Il faut le souhaiter, mais à condition qu’aucun obstacle n’y soit mis. Et encore une fois, l’objet de ces élections, ce n’est pas de modifier les règles et de maintenir au pouvoir telle ou telle personnalité, mais c’est de donner la parole au peuple. C’est ça la priorité.
Vous vous êtes rendu récemment en Côte d’Ivoire après l’attentat à Grand-Bassam. Vous aviez promis un soutien de la France dans la lutte contre le terrorisme. Quelle forme peut prendre ce soutien français ?
D’abord, il y a énormément d’engagements pris en matière de renseignements et d’échanges de renseignements, des aides techniques aussi. Il faut poursuivre dans cette direction et en même temps, il ne faut pas oublier que ces terroristes circulent. Ils venaient du nord du Mali, ils peuvent venir aussi de Libye. Donc il faut continuer à régler les conflits qui génèrent du terrorisme. Les Accords d’Alger qui sont des accords qui visent à la réconciliation entre le nord et le reste du Mali, il faut maintenant les mettre en œuvre. C’est un facteur de stabilité pour ce pays.
Et puis il y a la Libye, qui est un sujet central de préoccupation, et sans gouvernement légal, et sans gouvernement d’union nationale rien n’est possible. Mais aujourd’hui, c’est le chaos d’abord pour le peuple libyen, et ensuite c’est Daech qui en profite.
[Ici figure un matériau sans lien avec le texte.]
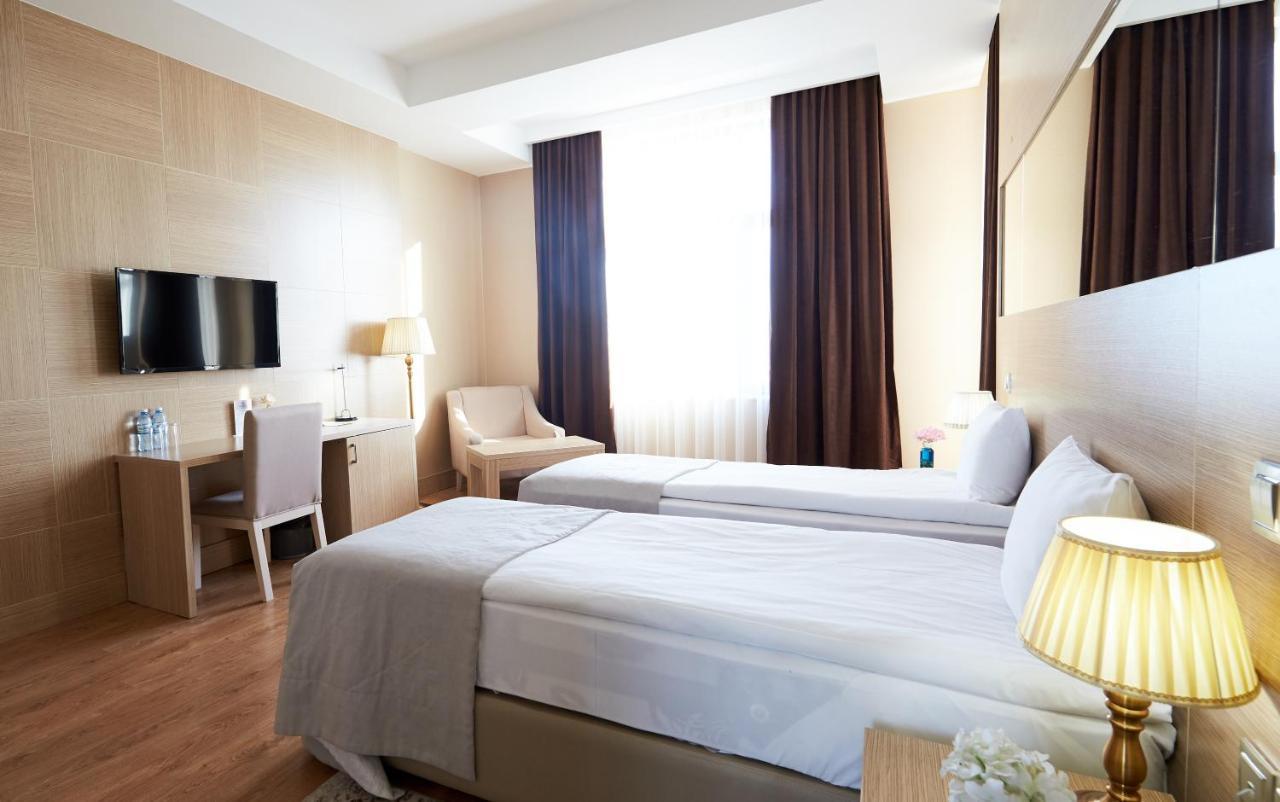 Nobel Hotel Baku Extérieur photo
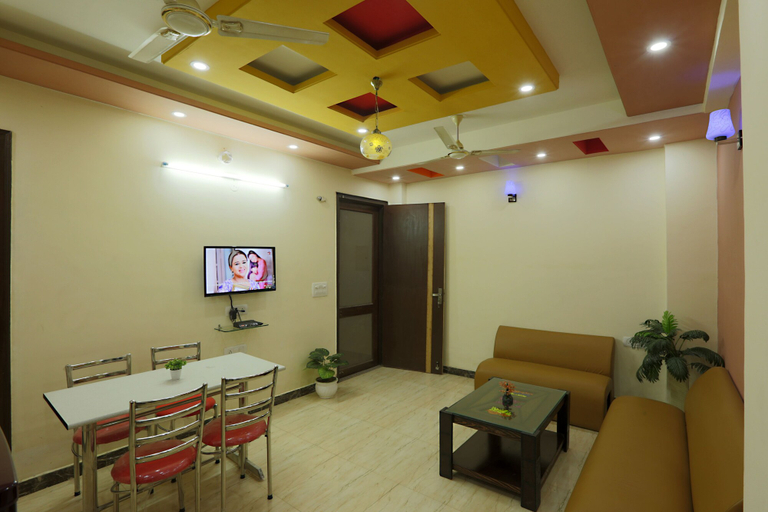 Others 5, Hotel Airport Express, Delhi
Et Daech menace, menace la Tunisie, menace le Niger, menace l’Egypte, menace l’Algérie. Et avec tous ces pays-là, nous avons déjà discuté. Puisque ça ne bouge pas assez, nous allons prendre encore de nouvelles initiatives parce qu’il y a urgence, parce que les choses avancent en Libye.
De nouvelles initiatives, ça signifie des sanctions par exemple ?
Les sanctions font partie du dispositif. Maintenant, ça y est, l’Union européenne est d’accord et il faut passer à l’acte.
On a beaucoup parlé de politique, je voulais vous parler d’économie. Votre prédécesseur comptait miser sur l’Afrique. Est-ce que vous comptez poursuivre dans cette voie ? Et est-ce que vous avez déjà quelques projets identifiés ?
En matière de transition énergétique, c’est vrai que le continent africain, pour ses propres besoins et aussi en s’inscrivant avec un temps d’avance par rapport à de nouvelles donnes mondiales climatiques, fait partie des chantiers prioritaires. Mais il y en a d’autres : les communications ; vous avez le numérique. Mais nous avons aussi à avoir une approche globale de l’Afrique, pas seulement l’Afrique de l’Ouest. Je pense au Nigeria, je pense à l’Afrique du Sud, je pense à l’Angola, l’Ethiopie, le Kenya, la Tanzanie. D’ailleurs concrètement, nos entreprises y sont déjà.